Kawalnews.com – Pemeritah dinilai masih perlu memproteksi harga minyak goreng untuk industri kecil dan masyarakat kurang mampu dengan menugaskan BUMN, menyusul lonjakan harga akibat kenaikan permintaan CPO di pasar internasional.
Direktur Center of Economic and Law Studies (CELIOS), Bhima Yudhistira mengatakan konflik geopolitik di Rusia dan Ukraina diperkirakan masih akan berlangsung lama, sehingga produksi minyak nabati selain CPO diperkirakan masih akan terbatas.
“Kondisi ini yang menyebabkan harga sulit turun, meskipun sekarang, produksi sedang berlimpah. Solusi yang ditawarkan adalah dengan melibatkan BUMN untuk memproteksi harga migor curah untuk rumah tangga kurang mampu,” terang Bhima, di Jakarta, Sabtu (24/6/2022).
Bhima mengatakan proteksi harga perlu dilakukan karena pengawasan distribusi memang lebih sulit dilakukan untuk minyak goreng curah karena rantai perdagangannya lebih panjang, yaitu lima sampai tujuh rantai perdagangan hingga ke konsumen akhir.

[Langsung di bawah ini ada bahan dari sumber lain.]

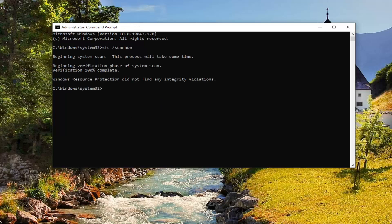Okay, so once that's done, go ahead and — I will have another command in the description of the video too. You can just copy and paste it or you can type it in. Again, it's just CHKDSK space forward slash F and then another space forward slash R.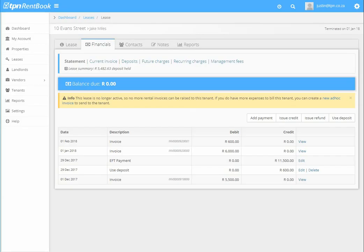Save allocations, done. That is how you use the deposit towards outstanding expenses. Thank you for watching this video.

Dari setiap titik distribusi, paparnya, sekitar 95 persen minyak goreng (migor) dikendalikan swasta dan hanya 5 persen BUMN atau Pemerintah. Di setiap titik distribusi ada margin distributor yang sebenarnya dapat efektif dipangkas dengan menugaskan BUMN.
“Untuk curah memang masih perlu diproteksi Pemerintah karena dibutuhkan pedagang, pelaku UMKM dan rumah tangga miskin. BUMN bisa terlibat lebih besar. PTPN untuk produksi dan Bulog untuk distribusi. Ini bisa efektif melindungi harga migor curah,” jelasnya.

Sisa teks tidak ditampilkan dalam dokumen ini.